Person sitting on chair with phone in hand

I didn’t block YouTube.
I made Shorts physically impossible to open — in 16ms — using an Android Accessibility Service.

I have a confession: I am a Senior Engineer, and I have the attention span of a goldfish.

Last month, I sat down to watch a 10-minute tutorial on Go routines.
45 minutes later, I was watching a video of a guy pressure-washing a driveway.

I tried the standard "App Blockers." They are useless. They are Hammers. They see com.google.android.youtube and they smash the entire app. But I need YouTube for learning. I need LinkedIn for jobs. I just don't want the Brain Rot (Shorts, Reels, Feeds).

So, I stopped trying to use willpower.

I built a Scalpel.

I created Blokr: A database-driven, accessibility-layer interceptor that surgically removes parts of an app while keeping the rest alive.

Here is how I engineered my way out of dopamine addiction.

🏗️ The Architecture of a "Digital Scalpel"

Most blockers work at the OS Layer (checking usageStats).
I decided to go deeper. I went to the UI Layer.

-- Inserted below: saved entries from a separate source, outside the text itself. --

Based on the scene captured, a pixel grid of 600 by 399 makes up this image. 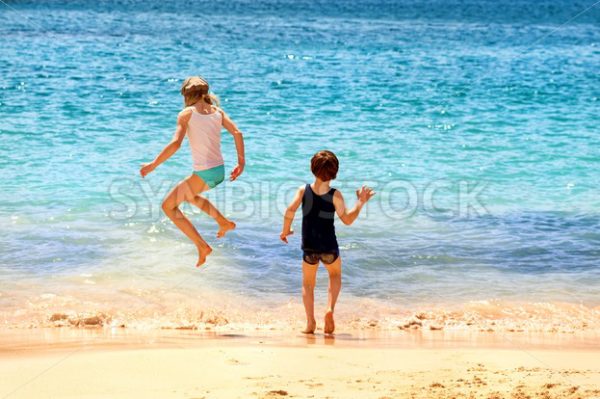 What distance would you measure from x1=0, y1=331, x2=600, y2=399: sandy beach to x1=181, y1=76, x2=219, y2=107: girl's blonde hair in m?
1.90

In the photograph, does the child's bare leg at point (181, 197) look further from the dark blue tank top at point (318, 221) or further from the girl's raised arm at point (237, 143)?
the dark blue tank top at point (318, 221)

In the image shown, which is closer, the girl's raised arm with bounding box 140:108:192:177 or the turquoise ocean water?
the girl's raised arm with bounding box 140:108:192:177

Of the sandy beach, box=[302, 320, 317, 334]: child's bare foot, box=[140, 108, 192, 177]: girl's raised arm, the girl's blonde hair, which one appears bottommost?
the sandy beach

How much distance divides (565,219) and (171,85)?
503 inches

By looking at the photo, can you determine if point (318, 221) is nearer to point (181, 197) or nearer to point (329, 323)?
point (329, 323)

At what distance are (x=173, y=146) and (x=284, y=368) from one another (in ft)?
7.07

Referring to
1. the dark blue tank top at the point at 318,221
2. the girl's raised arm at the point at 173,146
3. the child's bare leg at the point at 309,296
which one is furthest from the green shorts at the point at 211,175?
Answer: the child's bare leg at the point at 309,296

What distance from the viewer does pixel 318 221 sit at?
6629mm

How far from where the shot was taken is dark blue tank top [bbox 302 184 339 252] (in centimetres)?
653

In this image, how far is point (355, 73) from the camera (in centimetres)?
2364

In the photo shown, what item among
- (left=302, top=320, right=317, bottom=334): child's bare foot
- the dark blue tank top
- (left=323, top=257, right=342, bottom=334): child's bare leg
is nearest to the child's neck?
the dark blue tank top

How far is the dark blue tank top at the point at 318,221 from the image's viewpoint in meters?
6.53

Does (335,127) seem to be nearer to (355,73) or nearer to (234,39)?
(355,73)

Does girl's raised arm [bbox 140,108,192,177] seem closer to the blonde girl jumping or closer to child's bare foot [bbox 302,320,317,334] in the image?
the blonde girl jumping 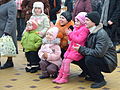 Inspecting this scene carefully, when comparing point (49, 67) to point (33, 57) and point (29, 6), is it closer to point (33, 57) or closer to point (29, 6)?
point (33, 57)

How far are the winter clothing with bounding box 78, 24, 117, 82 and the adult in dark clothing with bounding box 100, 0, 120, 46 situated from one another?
2.41 meters

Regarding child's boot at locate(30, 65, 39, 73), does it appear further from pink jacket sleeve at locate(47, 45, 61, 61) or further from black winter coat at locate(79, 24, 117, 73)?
black winter coat at locate(79, 24, 117, 73)

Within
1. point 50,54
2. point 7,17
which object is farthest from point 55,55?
point 7,17

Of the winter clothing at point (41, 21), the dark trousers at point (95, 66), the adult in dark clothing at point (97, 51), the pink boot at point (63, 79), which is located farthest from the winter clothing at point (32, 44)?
the dark trousers at point (95, 66)

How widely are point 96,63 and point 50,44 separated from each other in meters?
1.06

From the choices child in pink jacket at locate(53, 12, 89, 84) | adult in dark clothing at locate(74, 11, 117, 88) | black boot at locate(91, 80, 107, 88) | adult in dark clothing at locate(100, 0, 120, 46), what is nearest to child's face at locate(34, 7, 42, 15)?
child in pink jacket at locate(53, 12, 89, 84)

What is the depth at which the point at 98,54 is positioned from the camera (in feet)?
17.0

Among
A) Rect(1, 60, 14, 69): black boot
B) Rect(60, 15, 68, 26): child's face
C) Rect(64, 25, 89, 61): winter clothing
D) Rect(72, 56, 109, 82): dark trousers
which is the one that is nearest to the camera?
Rect(72, 56, 109, 82): dark trousers

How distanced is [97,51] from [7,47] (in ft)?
6.39

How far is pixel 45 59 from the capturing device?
596cm

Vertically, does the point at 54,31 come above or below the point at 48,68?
above

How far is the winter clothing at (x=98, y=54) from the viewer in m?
5.21

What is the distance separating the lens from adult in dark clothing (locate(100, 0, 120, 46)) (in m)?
7.66

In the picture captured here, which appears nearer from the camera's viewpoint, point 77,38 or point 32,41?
point 77,38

To block a specific button inside an external app (like the "Shorts" tab in YouTube), you have to read the screen faster than the user can click.

The Stack

  • Brain: Flutter (BLoC + Clean Arch)
  • Muscle: Kotlin (Native Accessibility Services)
  • Eyes: Recursive Node Traversal
  • Memory: Isar DB (Local) + Firestore (Remote Config)

🧠 The Logic: Traversing the Node Tree

Every Android app is just a tree of AccessibilityNodeInfo.

When you open YouTube, the OS sees a hierarchy. Most developers use Accessibility Services to help blind users navigate. I used it to hunt down specific View IDs.

Here is the logic I wrote to detect intent:

  1. Listen: The Service waits for TYPE_WINDOW_CONTENT_CHANGED.
  2. Fetch: It pulls the "Blacklist Rules" from my local DB.
  3. Hunt: It traverses the UI tree looking for specific resource-id or content-description tags.

The "Kill Switch" Code (Kotlin)

This is the actual native code running on the metal. It’s recursive, it’s dangerous, and it’s beautiful.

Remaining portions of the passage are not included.